Seratus hari masa pemerintahannya, mengantarkan Presiden Jokowi dalam jeratan partai-partai pendukungnya yang tergabung dalam Koalisi Indonesia Hebat (KIH), terutama lagi PDIP. Gerak cepat Jokowi dalam menangani masalah-masalah ekonomi yang cukup mengagumkan banyak pihak, menjadi pudar karena sekarang Jokowi hampir tidak bisa bergerak bebas. Ia berada dalam jeratan yang semakin kuat dari PDIP, sebagai partai utama dalam KIH.
PDIP menginginkan kursi yang lebih banyak lagi di eksekutif.
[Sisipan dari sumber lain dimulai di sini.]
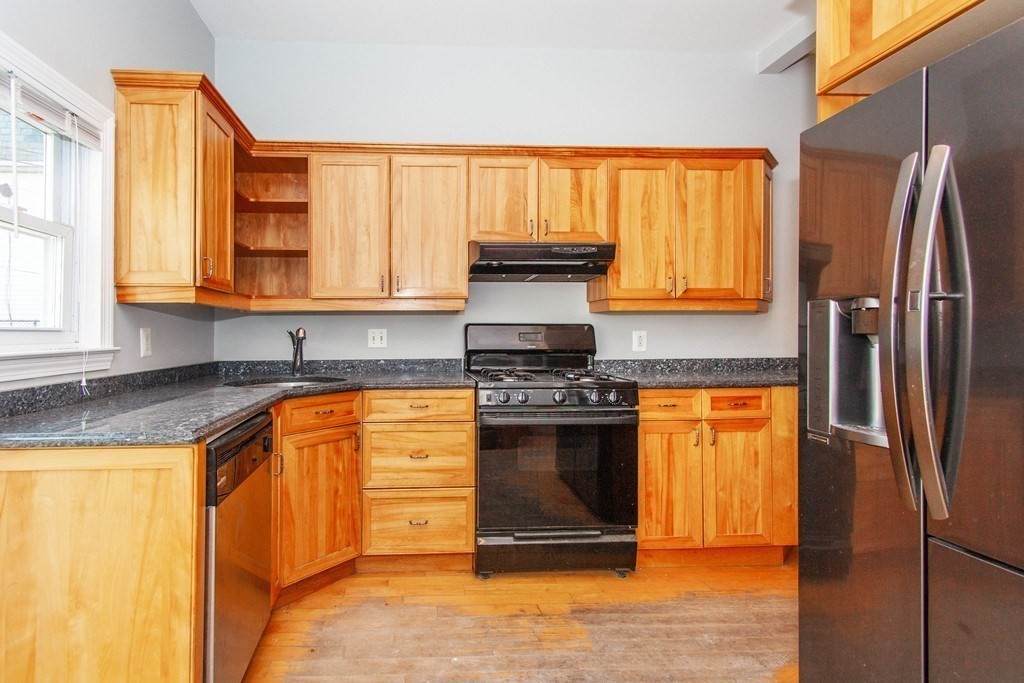 539 E 4th St - Photo 1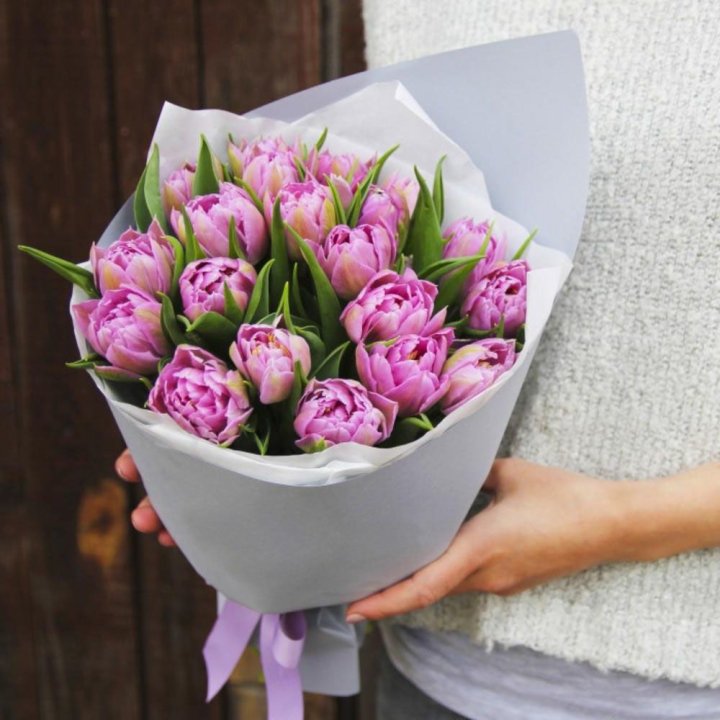 Букет пионовидных тюльпанов в Новосибирске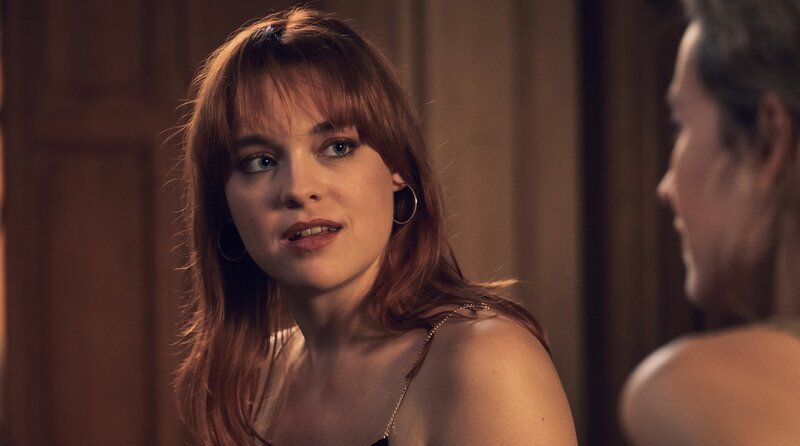 Charlotte (Amelie Henning) trennt nicht mehr zwischen Escort und Privat. – Bild: ARD Degeto Film/​Mia Wallace Productions/​Senator Film Produktion/​Michel Vertongen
Jokowi sudah memberikan 7 posisi penting kepada PDIP, yaitu dua menko, empat menteri dan satu jabatan setingkat menteri. Tapi para kader PDIP kurang puas, karena yang diangkat itu sebagian adalah orang yang tidak punya kartu anggota PDIP. Mereka hanya orang yang dianggap dekat dengan Megawati, seperti Rini Soemarno, Andi Wijayanto dan Ryamizar Riyakudu.
Jadi kira-kira mereka berdalih, sebagai pemenang pileg, PDIP baru kebagian jatah 4 jabatan eksekutif, sama banyak dengan jatah menteri yang diperoleh Partai Nasdem dan Partai PKB. Nasdem yang diketuai oleh Surya Paloh, yang hanya mempunyai 36 kursi di DPR. Nasdem mendapatkan jatah 4 jabatan eksekutif, yaitu seorang menko, dua menteri dan terakhir Jaksa Agung. Demikian pula halnya dengan PKB, meski mendapatkan 3 kursi menteri, tapi PKB mendapatkan bonus seorang menteri berlatar belakang NU dan PKB walaupun tidak berkartu anggota karena berstatus pegawai negeri, yaitu Menteri Riset & Pendidikan Tinggi. Hanura sebagai partai terkecil dengan 15 kursi di DPR juga mendapatkan jatah menteri yang signifikan, yaitu 2 menteri.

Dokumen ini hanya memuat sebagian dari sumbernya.